[Mlir-commits] [mlir] [mlir][ArmSME] Add support for vector.transpose (PR #66760)

Wed Sep 20 00:50:30 PDT 2023

================
@@ -241,11 +242,84 @@ struct BroadcastOpToArmSMELowering
   }
 };
 
+/// Conversion pattern for vector.transpose.
+///
+/// Stores the input tile to memory and reloads vertically.
+///
+/// Example:
+///
+///   %transposed_src = vector.transpose %src, [1, 0]
+///     : vector<[4]x[4]xi32> to vector<[4]x[4]xi32>
+///
+/// is converted to:
+///
+///   %alloca = memref.alloca(%svl_s, %svl_s) : memref<?x?xi32>
+///   %arm_sme.tile_store %src, <hor>, %alloca[%c0, %c0]
+///     : memref<?x?xi32>, vector<[4]x[4]xi32>
+///   %transposed_src = arm_sme.tile_load <ver>, %alloca[%c0, %c0]
+///     : memref<?x?xi32>, vector<[4]x[4]xi32>
+///
+/// NOTE: Tranposing via memory is obviously expensive, the current intention
+/// is to avoid the transpose if possible, this is therefore intended as a
+/// fallback and to provide base support for Vector ops.
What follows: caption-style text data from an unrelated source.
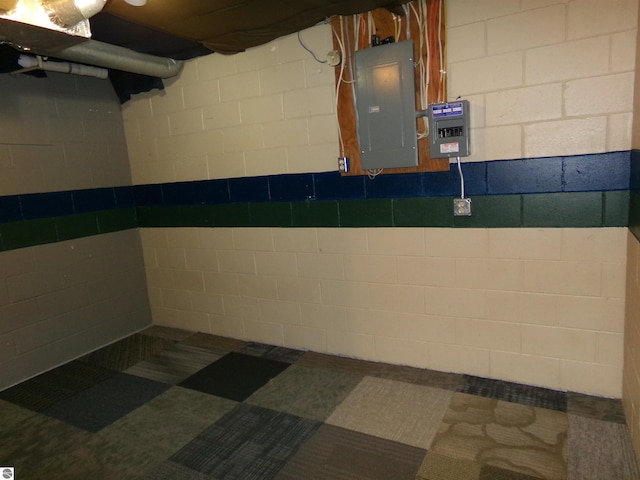 interior space with concrete block wall and electric panel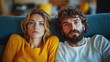 © paukan - Upset couple on sofa, living room, bored, watching TV, relationship problems
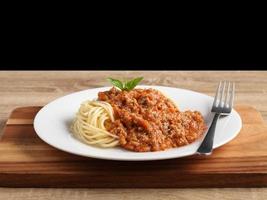 Nahaufnahme einer Gabel mit Spaghetti und roter Soße in weißer Schale foto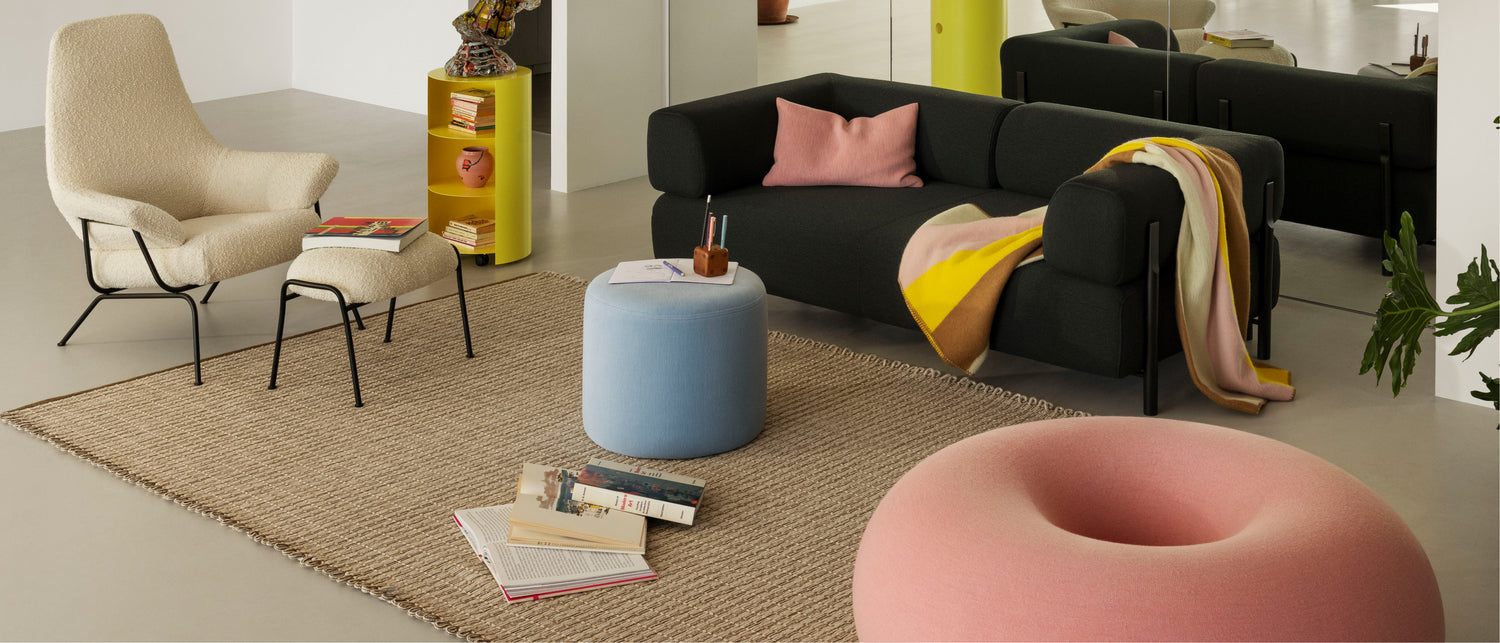 Hem - A colorful living room scene featuring Hai Lounge Chair + Ottoman, Rope Rug, Boa Pouf, Bon Pouf Round, Hide Pedestal, Palo 2 Seater Sofa + Armrests, Block Throw, and Neo Cushion Large.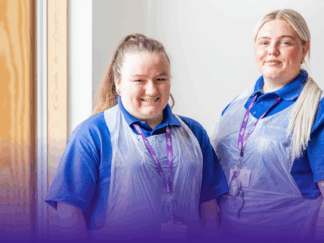 Two Care Assistant women smiling with aprons on.
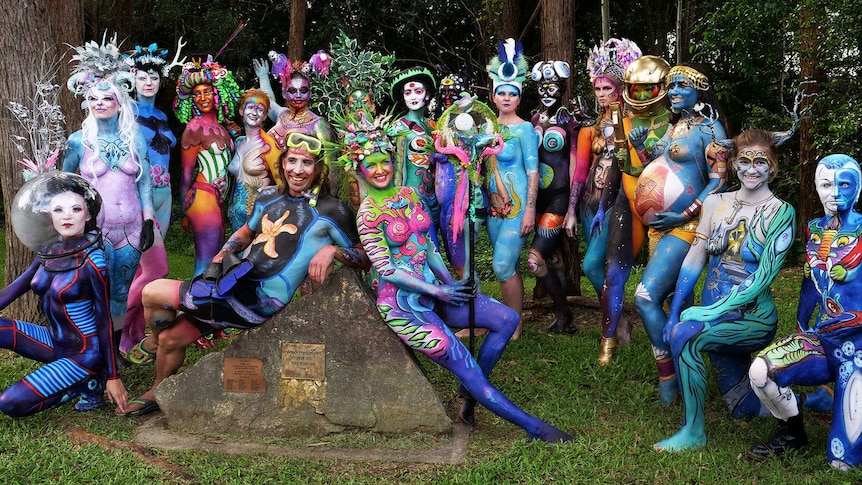 A group of models in full colourful body paint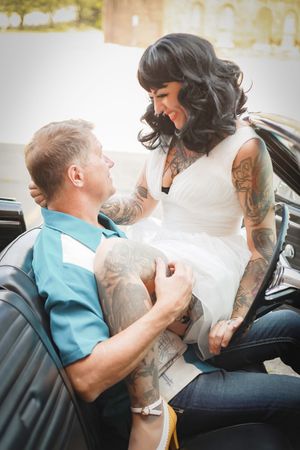 Intimate moment captured of a couple in classic car with woman in white dress showing off tattoo sleeves.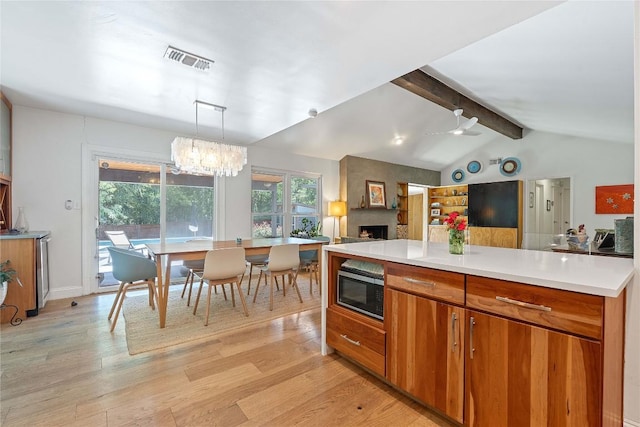 1407 Spring Gdn, Austin, TX 78746 - kitchen with stainless steel microwave, light wood-style flooring, a fireplace, light countertops, and brown cabinets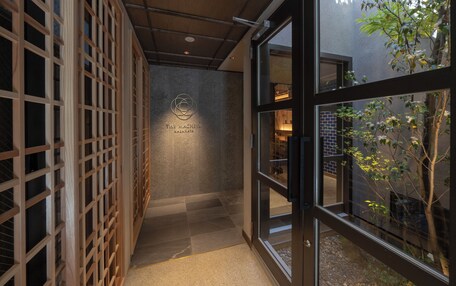 A corridor with a wooden lattice wall, a sign with "The Mashiya Kazahaya" logo, and a view of a brick building and trees through glass doors.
If it turns out
+/// transposes can't be avoided then this should be replaced with a more optimal
+/// implementation, perhaps with tile <-> vector (MOVA) ops.
+struct TransposeOpToArmSMELowering
+    : public OpRewritePattern<vector::TransposeOp> {
+  using OpRewritePattern<vector::TransposeOp>::OpRewritePattern;
+
+  LogicalResult matchAndRewrite(vector::TransposeOp transposeOp,
+                                PatternRewriter &rewriter) const final {
+    auto tileType = transposeOp.getResultVectorType();
+    if (!tileType || !arm_sme::isValidSMETileVectorType(tileType))
+      return failure();
+
+    SmallVector<int64_t> transp;
+    for (auto attr : transposeOp.getTransp())
+      transp.push_back(cast<IntegerAttr>(attr).getInt());
+
+    if (transp[0] != 1 && transp[1] != 0)
+      return failure();
+
+    OpBuilder::InsertionGuard g(rewriter);
----------------
banach-space wrote:

Add a comment that this is verifying that this is indeed "transposing" the input 2D matrix.

Btw, would `%1 = vector.transpose %0, [0, 0] ` or `%1 = vector.transpose %0 [1, 1]` be valid (as in, in general, not in the context of this transformation)? 

https://github.com/llvm/llvm-project/pull/66760